I've been thinking a lot about worldbuilding lately. When I was young, I would spend days and weeks inventing new worlds to examine - strange, distant worlds which weren't places to escape to for me as much as they were fascinations. Many of them drew pretty directly on my interests from the time - Warhammer 40K, Magic: The Gathering, Ben 10, other child things. What connected them together was a passion for making them as complex and intricate as possible, and having absolutely no use for them.
As I got older, I tried writing novels or making comics about these worlds in my head, but I was always hampered by the fact that I never actually had any plot for these worlds - just ideas. When I started writing LARPs when I was 14, that was the philosophy I was thinking about. Build as cool of a world as possible, and everything else will come together. When people talk about Adventure Games at Wayfinder, one of their toughest issues is that of Flow - which is to say, what happens during the game. I struggled with that more than most. I don't think I've ever written a game with a complex plot that has satisfied me while working alone, ever. The closest I've gotten was with The Horned King by myself and Jeremy Gleick in 2016, but it was still a very unconventional plot. However, there was still a huge shift in my developmental process.
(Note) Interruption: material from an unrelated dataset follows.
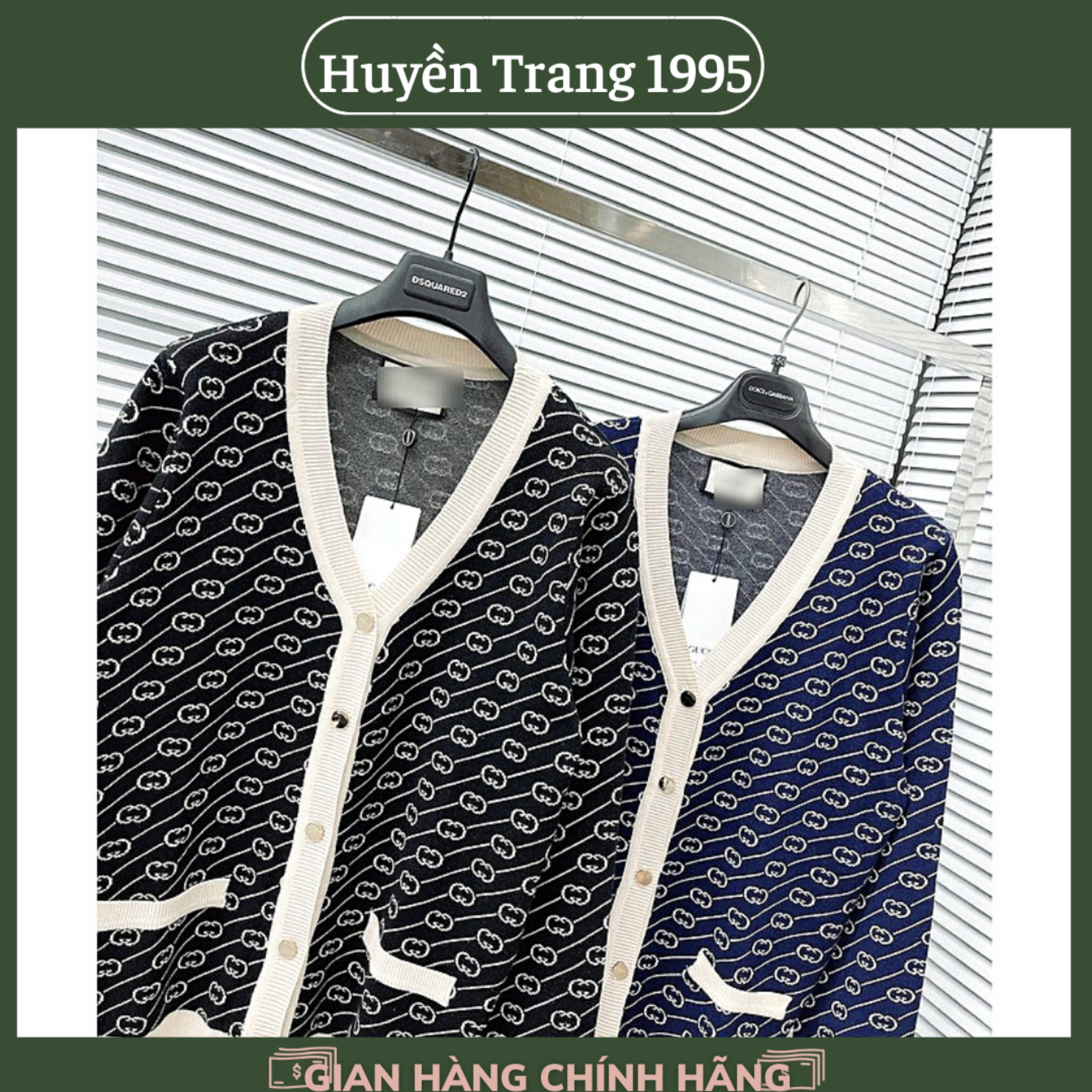 Áo khoác nỉ cardigan họa tiết g.c cúc giữa phối viền trắng siêu cá tính, áo nỉ nam, áo carigan nam nữ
In 2014, I ran one of my largest games ever, The Golden Blade. It's maybe the Adventure Game I'm most well-known for at Wayfinder, which feels absurd to me because it's so lackluster in comparison to what I want to be doing currently. Two days before I ran that game, I played another game called A Hollow Egg Hatches Eyes, which completely redefined how I write Adventure Games. So much so, I wrote an article about it! I left that week of camp with a firm resolve in my mind - that games fundamentally aren't about worlds. They're about experiences.
Since then, my games have always prioritized the emotional tug of the narrative over the background details I've invented. Some of my most recent games, such as Endless Lights, only have a paragraph to explain the background for the game. At this point, I absolutely believe that background is only relevant in something like a LARP or Tabletop game in how it impacts the fiction presently - background details for the sake of background details increase the cognitive load of the piece, and bog it down.
The Last Days of Solomon is the first time I've thrown myself heavily into a piece of world background in years, and wow does it feel rusty. I'm having to relearn so many things I thought I'd figured out - we forgot to name the household of the Royal Family until the game already started! But I'm finally getting into the swing of things, and the other day I wrote about 5 pages about the complete history of Solomon - something I'm sorta mixed about.
On one hand, writing a lot of world background for any game increases the Cognitive Load, and makes that game harder to access. However, in a text-based roleplaying game, having a single coherent universe is more valuable when designing a character rooted in the history, and it's the sort of thing that's easy to go back to and read up on. Suddenly finding yourself caring about the Copper Age? Well, good news - there's a whole page on it! Otherwise, you're welcome to ignore it. That's an important tactic we're taking with Solomon, and something that's going to be vital to explain to the players as we proceed forward - that it's okay to skim.
As we progress forward with Solomon, I expect to find myself writing a lot more about the city and it's setting, but my hope is that I can do so in a way that keeps the game feeling accessible, and that this background information can stay mostly in the background, acting as an interesting reference that one or two characters might use, instead of a textbook that players must memorize.